Even the poor manipulate and make money off the poor. In certain clinics in South Africa, which are meant to aid the impoverished and provide medication to the sick, there are nurses who steal the government-provided medication and sell it instead of distributing it to the sick who approach the clinics for help. In old age homes, there are assistants who steal the belongings of the elderly to sell and make a profit. Orphanages are also robbed of their comforts with charity given toys and food being taken by the assistants for their own usage. Certain companies even use charity as a marketing gimmick – ‘for every (product) purchased, a percentage will be donated to (a random charity organisation)’.
In every finance-involved situation there is a capitalist salivating over the prospect of profit; be it a supposed act of goodwill or straight cut business deals. The most indigent are non-existent. Charity organizations and NGO’s can only do so much to assist them.

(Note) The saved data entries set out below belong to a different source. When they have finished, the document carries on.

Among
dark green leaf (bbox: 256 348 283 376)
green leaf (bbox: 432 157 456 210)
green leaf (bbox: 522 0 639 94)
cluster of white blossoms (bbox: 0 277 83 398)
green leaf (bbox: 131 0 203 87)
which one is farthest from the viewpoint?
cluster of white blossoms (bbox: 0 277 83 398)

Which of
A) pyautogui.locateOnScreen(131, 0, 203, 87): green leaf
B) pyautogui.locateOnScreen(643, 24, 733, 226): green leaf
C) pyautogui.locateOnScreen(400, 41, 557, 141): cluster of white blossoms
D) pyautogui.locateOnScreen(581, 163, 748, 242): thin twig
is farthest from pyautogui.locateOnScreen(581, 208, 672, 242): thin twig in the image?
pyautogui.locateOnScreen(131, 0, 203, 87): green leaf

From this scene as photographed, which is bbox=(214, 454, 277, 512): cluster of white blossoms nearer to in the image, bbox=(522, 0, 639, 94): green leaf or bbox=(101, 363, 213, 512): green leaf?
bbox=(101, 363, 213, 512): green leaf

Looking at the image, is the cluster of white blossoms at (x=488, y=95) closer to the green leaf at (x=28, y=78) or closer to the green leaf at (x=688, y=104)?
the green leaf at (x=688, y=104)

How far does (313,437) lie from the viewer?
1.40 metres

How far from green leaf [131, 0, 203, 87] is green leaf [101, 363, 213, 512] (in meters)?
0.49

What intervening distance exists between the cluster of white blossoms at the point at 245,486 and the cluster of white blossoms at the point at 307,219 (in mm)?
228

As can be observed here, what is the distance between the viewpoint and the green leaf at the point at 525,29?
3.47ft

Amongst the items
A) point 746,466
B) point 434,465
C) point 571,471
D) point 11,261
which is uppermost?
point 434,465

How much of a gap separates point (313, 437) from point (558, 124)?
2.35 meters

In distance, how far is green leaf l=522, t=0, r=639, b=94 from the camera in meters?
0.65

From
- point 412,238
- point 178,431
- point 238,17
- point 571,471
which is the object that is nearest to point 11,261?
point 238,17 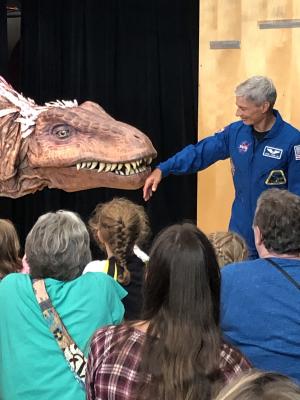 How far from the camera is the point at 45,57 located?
498 centimetres

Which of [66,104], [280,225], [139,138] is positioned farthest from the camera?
[66,104]

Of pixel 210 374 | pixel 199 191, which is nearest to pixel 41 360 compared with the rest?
pixel 210 374

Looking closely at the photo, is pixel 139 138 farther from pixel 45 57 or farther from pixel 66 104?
pixel 45 57

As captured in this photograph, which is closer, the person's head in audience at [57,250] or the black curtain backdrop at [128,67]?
the person's head in audience at [57,250]

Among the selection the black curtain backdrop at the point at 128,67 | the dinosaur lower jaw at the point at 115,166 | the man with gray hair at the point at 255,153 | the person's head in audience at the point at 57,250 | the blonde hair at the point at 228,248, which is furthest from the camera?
the black curtain backdrop at the point at 128,67

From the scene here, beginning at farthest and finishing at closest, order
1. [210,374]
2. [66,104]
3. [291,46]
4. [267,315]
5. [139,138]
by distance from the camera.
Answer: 1. [291,46]
2. [66,104]
3. [139,138]
4. [267,315]
5. [210,374]

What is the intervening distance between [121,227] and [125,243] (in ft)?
0.20

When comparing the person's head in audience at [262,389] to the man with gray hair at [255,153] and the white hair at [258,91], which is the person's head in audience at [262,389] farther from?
the white hair at [258,91]

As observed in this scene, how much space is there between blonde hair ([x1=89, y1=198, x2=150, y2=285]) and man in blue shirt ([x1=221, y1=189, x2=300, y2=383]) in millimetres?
691

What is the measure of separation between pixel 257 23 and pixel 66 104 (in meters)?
1.22

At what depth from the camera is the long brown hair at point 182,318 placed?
1359mm

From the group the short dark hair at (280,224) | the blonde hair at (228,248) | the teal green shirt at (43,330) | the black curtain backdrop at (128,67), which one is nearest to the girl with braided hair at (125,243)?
the blonde hair at (228,248)

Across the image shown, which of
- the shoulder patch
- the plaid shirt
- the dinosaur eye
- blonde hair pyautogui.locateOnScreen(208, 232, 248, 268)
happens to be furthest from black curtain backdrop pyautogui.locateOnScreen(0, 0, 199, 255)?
the plaid shirt

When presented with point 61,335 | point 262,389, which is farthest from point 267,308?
point 262,389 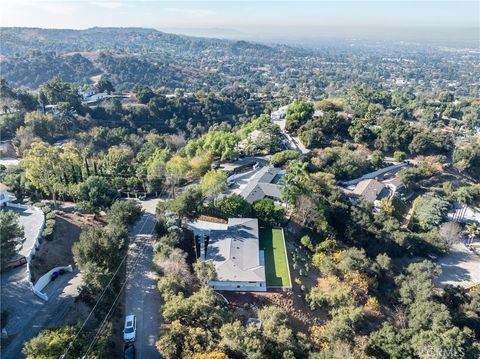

However, there also exist the genuinely good-hearted people who help out in times of need… free of charge. I like to think of such people as miniature land-bound gods; free of the capitalism shackles. As for me, I’m refining my entrepreneur skills in an attempt to profit of the rich – despite the soul-less nature of capitalism, everyone needs money. Myself included.
Let me start by saying welcome to the Avocado Jungle – I am deeply honored that you are writing here and grateful. You are adding a perspective that is not only necessary but immensely helpful to furthering our understanding of each other and complex realities of a global life.
I agree that profit can push reason to the side. I find it troubling that here in the United States people give to charity and receive a tax break in return – they gain profit from their contribution to the poor. This undermines the very act of giving charity. I wish folks would care more about the profit of the soul more than the profit of the pocketbook.
Although – like you so eloquently put – everyone needs money.